Multiple vulnerabilities in DNS Module of Siemens Nucleus Products

1) Improper Null Termination

EUVDB-ID: #VU52204

Risk: Medium

CVSSv3.1: 5.7 [CVSS:3.1/AV:N/AC:H/PR:N/UI:N/S:U/C:L/I:N/A:H/E:U/RL:O/RC:C]

CVE-ID: CVE-2020-27736

CWE-ID: CWE-170 - Improper Null Termination

Exploit availability: No

Description

The vulnerability allows a remote attacker to compromise the target system.

The vulnerability exists due to the DNS domain name label parsing functionality does not properly validate the null-terminated name in DNS-responses. A remote attacker can cause a denial of service condition or leak the read memory.

Mitigation

Install updates from vendor's website.

Vulnerable software versions

Nucleus NET: All versions

VSTAR: All versions

Nucleus Source Code: All versions

Nucleus RTOS: All versions

Nucleus ReadyStart: before 2017.02.3

Nucleus 4: before 4.1.0

External links

http://cert-portal.siemens.com/productcert/txt/ssa-705111.txt

Q & A

Can this vulnerability be exploited remotely?
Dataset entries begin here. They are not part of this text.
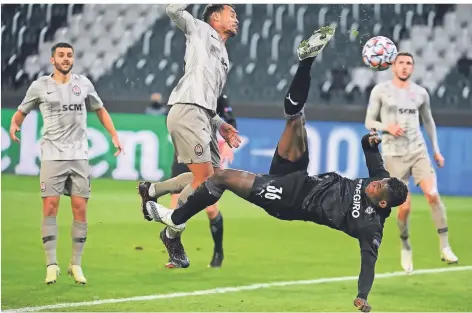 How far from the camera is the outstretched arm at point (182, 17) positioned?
6.71 metres

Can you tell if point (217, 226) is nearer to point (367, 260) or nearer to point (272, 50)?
point (367, 260)

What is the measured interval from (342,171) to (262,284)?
14.3ft

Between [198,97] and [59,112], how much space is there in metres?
1.44

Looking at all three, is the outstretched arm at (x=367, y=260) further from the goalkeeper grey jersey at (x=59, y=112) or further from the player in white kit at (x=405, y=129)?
the player in white kit at (x=405, y=129)

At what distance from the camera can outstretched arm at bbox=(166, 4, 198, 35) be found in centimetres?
671

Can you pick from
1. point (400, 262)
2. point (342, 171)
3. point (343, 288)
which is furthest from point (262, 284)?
point (342, 171)

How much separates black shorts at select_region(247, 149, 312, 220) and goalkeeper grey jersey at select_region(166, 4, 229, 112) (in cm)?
72

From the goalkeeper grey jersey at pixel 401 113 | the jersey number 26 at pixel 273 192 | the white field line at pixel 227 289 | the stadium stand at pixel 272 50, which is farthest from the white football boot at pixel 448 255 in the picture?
the stadium stand at pixel 272 50

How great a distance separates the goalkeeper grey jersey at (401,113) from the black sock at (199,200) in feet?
9.11

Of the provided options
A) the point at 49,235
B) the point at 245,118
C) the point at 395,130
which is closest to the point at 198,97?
the point at 49,235

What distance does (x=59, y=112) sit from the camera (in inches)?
306

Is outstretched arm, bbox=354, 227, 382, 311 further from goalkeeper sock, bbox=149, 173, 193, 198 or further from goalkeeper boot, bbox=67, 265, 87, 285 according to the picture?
goalkeeper boot, bbox=67, 265, 87, 285

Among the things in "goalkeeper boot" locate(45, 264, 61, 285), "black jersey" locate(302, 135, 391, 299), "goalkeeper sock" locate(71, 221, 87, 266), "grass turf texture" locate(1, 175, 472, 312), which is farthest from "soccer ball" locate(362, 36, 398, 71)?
"goalkeeper boot" locate(45, 264, 61, 285)

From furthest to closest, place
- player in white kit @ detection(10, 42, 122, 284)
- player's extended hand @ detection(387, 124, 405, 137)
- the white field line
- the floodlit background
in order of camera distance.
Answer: the floodlit background, player's extended hand @ detection(387, 124, 405, 137), player in white kit @ detection(10, 42, 122, 284), the white field line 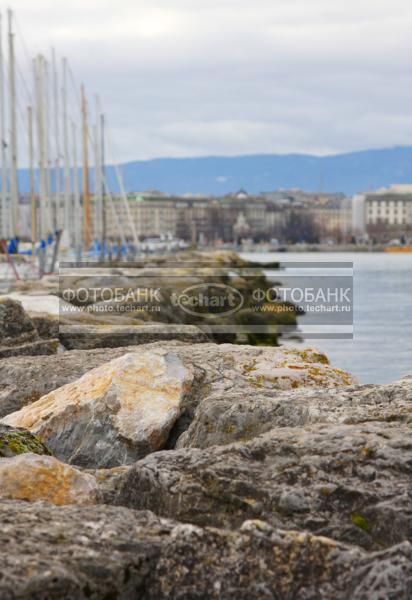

Yes. This vulnerability can be exploited by a remote non-authenticated attacker via the Internet.

Is there known malware, which exploits this vulnerability?

No. We are not aware of malware exploiting this vulnerability.

2) Out-of-bounds read

EUVDB-ID: #VU52205

Risk: Medium

CVSSv3.1: 5.7 [CVSS:3.1/AV:N/AC:H/PR:N/UI:N/S:U/C:L/I:N/A:H/E:U/RL:O/RC:C]

CVE-ID: CVE-2020-27737

CWE-ID: CWE-125 - Out-of-bounds read

Exploit availability: No

Description

The vulnerability allows a remote attacker to compromise the target system.

The vulnerability exists due to a boundary condition in the DNS response parsing functionality. A remote attacker can trigger out-of-bounds read error and read contents of memory on the system or cause a denial of service (DoS) condition.

Mitigation

Install updates from vendor's website.

Vulnerable software versions

Nucleus NET: All versions

VSTAR: All versions

Nucleus Source Code: All versions

Nucleus RTOS: All versions

Nucleus ReadyStart: before 2017.02.3

Nucleus 4: before 4.1.0

External links

http://cert-portal.siemens.com/productcert/txt/ssa-705111.txt

Q & A

Can this vulnerability be exploited remotely?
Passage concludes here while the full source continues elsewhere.